Hay evoluciones fonéticas que, siendo posibles, no ocurren; y eso, por causas muy diversas. Una de las posibilidades más llamativas y curiosas entre las que no sucedieron en español es la del nombre de Mérida: la lengua detuvo la evolución lógica del adjetivo latino ‘emerita’ (pronunciado emérita), porque el resultado final, en una evolución meramente mecánica o automática, hubiera dado el mismo resultado que el derivado de ‘merda’, algo totalmente indeseable para el nombre de una ciudad de tanta prosapia. Y eso que no faltan en España topónimos de esa especie: sólo en las islas Canarias hay Hoya y Cuesta de la Mierda y una Peña de la ídem, y en otras partes de nuestro país hay hidrónimos derivados de ‘merd-’, como son diversos arroyos o ríos Merderos y Merdanchos, que significan lo que parece y que, a este paso, son nombres que habrán de aplicarse a muchas otras corrientes, castigadas por nuestra desidia en los vertidos de todo género a sus cauces, cada vez más oscuros y malolientes, de modo que acaban por hacer honor a sus viejos nombres.

Sin melindre

Mi punto de partida básico es un escrito muy agudo, publicado hace más de medio siglo en el ‘Archivo de Filología Aragonesa’ (IV), ilustre revista de la IFC.

Su autor, el profesor Francisco Ynduráin, a quien sus antiguos alumnos -que lo llamábamos Don Paco, cuando no nos oía- recordamos por su gran personalidad, depurado gusto y refinados saberes, venía a decir que prefería para ‘maño’ la procedencia de ‘hermano’. No solo porque la evolución de hermano a maño es lingüísticamente posible, sino porque los usos comprobables de esta palabra, en España y en América también, llevan más bien en esa dirección: maña, maño y sus familiares diminutivos, mañica y mañico, se acomodan mejor con la idea de hermandad que con la de magnitud.

Máxime cuando en Chile se usa la misma voz con ese sentido fraternal (lo recoge Cavada) y en México, además de los conocidísimos mano y manito, se empleó también maño, según aprendo de Juan Antonio Frago.

Apuntaba Ynduráin que se producía lo que los lingüistas denominan ‘palatalización de la n’. La pérdida de la primera sílaba, ‘her’, es de la misma clase que la que se percibe en Salamanca y Zamora, en donde muchacho queda en ‘chacho’. Hermano daría mano y mano pasaría a maño (manio) por ese fenómeno de palatalización que se describe para voces de afecto.

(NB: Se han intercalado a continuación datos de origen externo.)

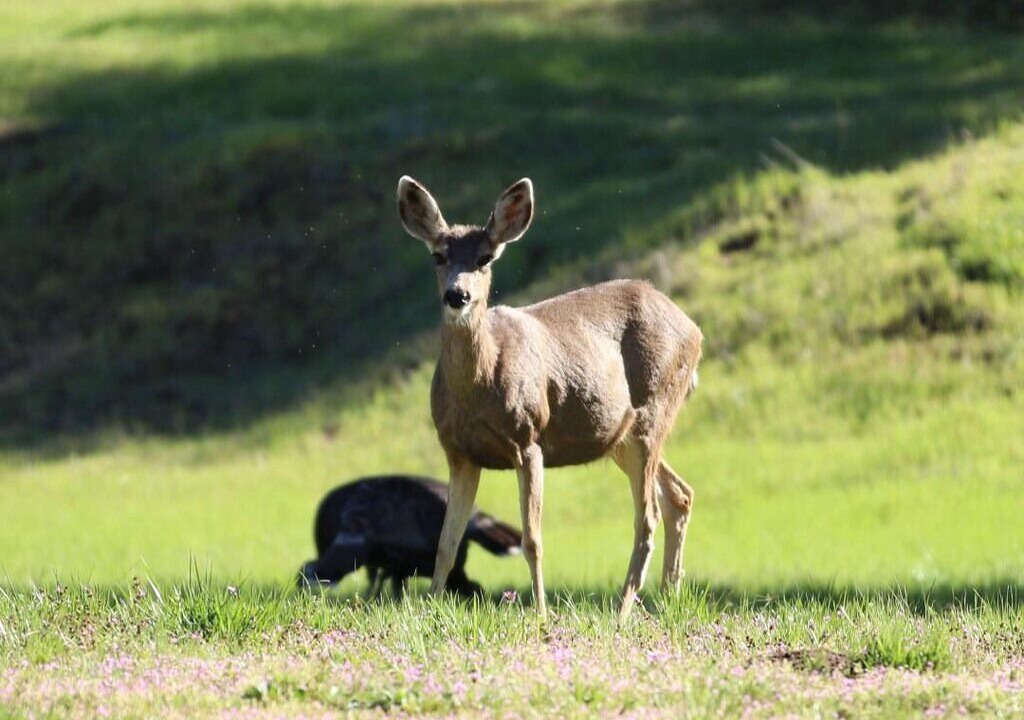 Photo of Others in Descanso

Por ejemplo, el que, a partir de ‘chico’, genera ‘chiquio’.

Un texto del Siglo de Oro aduce Ynduráin en el cual el sentido se pierde si a ‘maño’ se le da sentido de ‘grande’: «Pues toma aqueste pellizco / porque no me digas, maña, / que jamás te he dado cosa», frase que se dirige a una criada. Y en otra, de igual forma y también a una sirvienta, alguien dice, hablando de un plato de carne: «No, maña, que no la como».

Aunque hoy sí lo sea y en el norte de Aragón no se use, no fue voz solo aragonesa. El mapa, si se hiciera, mostraría una extensión que cubre desde Teruel hasta las Américas. No es poco viaje.

Cuenta Don Paco que Samuel Gil y Gaya era de la opinión ‘fraternal’, no de la ‘magna’, y señalaba su uso monjil, como ya había visto en el siglo XVIII el erudito aragonés José de Siesso, que no tenía el término por peculiar de Aragón, sino más general en España. Hoy, empero, maño se ha convertido en sinónimo de aragonés. Es abuso porque su uso se ha ceñido a una parte de Zaragoza y del Bajo Aragón y a algunos puntos de Teruel.

Ynduráin preguntó a amigos suyos de confianza en la materia (F. Sancho Rebullida, Ildefonso M. Gil, Alfredo Gil Albesa, José Galiay) sobre el sentido local de la expresión en diversas poblaciones. Y concluyó que, en general, el término denotaba confianza y afecto, pero sin estar "tocado de melindre". Qué bien dicho.